Oona Doherty moved to Belfast in 1992, aged 10, before the Northern Ireland Peace Process had started. Her four-part performance Hard to be Soft is an attempt to heal ‘something of the trauma being held in the collective Belfast body’. A monumental cage covering the stage serves as a church – a place for comfort and redemption, but also a cause and pretext for tearing the city apart.
Doherty first presents as the masculine figure of her solo Hope Hunt. She rises up, her body leaning heavily into the floor and moving smoothly to serene tones. Fighting and crying intrude on the soundtrack, as she pronounces words with a crooked mouth while her body accumulates anxiety, hurt, fear. The telling solo sweeps between the comforts of religion and the violence of the Belfast streets.
A group of young women (local performers from Berlin) appear in white pants and shiny jackets. They move collectively, their faces signalling fearlessness, beauty, coolness. Are they representing the empowering women we heard about on the soundtrack, who go through so much shit but put on a face of success and make light of tragedy? The performers are sympathetic, but with no personal connection to the story, unconvincing.
In section three two men stick out big bare bellies as they meet in a tight embrace. Accompanied by a father–son dialogue (‘you forgot where you came from’), they push, fight and love, their incapacity for intimacy made flesh. Yet the moment is broken by forced movements, and we lose the connection to the body’s story.

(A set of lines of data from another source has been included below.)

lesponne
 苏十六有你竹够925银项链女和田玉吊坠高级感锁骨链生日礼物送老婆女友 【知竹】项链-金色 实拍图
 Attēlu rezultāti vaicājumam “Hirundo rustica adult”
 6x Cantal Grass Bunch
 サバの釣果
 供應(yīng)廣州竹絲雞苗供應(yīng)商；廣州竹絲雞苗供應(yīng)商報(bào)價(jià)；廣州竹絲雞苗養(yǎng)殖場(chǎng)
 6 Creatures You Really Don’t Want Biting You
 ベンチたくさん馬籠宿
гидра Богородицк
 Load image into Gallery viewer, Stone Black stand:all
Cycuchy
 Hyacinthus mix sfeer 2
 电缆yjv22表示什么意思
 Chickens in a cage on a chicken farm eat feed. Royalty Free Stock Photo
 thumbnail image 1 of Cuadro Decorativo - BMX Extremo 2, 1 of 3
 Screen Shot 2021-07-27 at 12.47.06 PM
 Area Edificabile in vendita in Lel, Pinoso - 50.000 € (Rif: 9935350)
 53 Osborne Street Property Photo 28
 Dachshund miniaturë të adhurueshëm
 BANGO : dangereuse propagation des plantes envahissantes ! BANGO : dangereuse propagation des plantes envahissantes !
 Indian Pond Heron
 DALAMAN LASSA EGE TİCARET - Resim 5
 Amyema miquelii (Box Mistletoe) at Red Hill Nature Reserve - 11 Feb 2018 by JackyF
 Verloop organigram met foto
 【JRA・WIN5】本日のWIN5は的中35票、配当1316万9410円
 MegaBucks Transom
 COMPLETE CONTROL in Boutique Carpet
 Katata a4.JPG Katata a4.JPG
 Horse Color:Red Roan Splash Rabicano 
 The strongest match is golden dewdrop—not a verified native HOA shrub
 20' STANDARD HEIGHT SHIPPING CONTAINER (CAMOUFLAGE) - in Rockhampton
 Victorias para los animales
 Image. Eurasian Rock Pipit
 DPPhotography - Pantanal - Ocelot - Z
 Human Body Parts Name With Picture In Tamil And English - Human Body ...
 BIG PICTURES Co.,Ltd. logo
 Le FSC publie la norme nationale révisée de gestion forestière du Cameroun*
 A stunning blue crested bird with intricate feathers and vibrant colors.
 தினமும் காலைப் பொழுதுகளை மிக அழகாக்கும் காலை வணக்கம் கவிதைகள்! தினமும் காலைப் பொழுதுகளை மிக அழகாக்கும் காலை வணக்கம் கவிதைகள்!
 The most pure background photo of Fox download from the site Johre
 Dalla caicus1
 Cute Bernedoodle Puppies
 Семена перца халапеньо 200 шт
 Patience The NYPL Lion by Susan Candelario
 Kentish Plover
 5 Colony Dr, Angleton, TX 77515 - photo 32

Doherty returns with powerful movements. By simply opening her arms, she reveals her surprise at the world she landed in, though the mimicking feels like an unnecessary repetition of the first solo. Doherty walks off, leaving a voice to recite her poem A Concrete Song, but an unexpected technical glitch forces an early finish to the performance. A disappointing way to end, as the piece itself has been somewhat disappointing.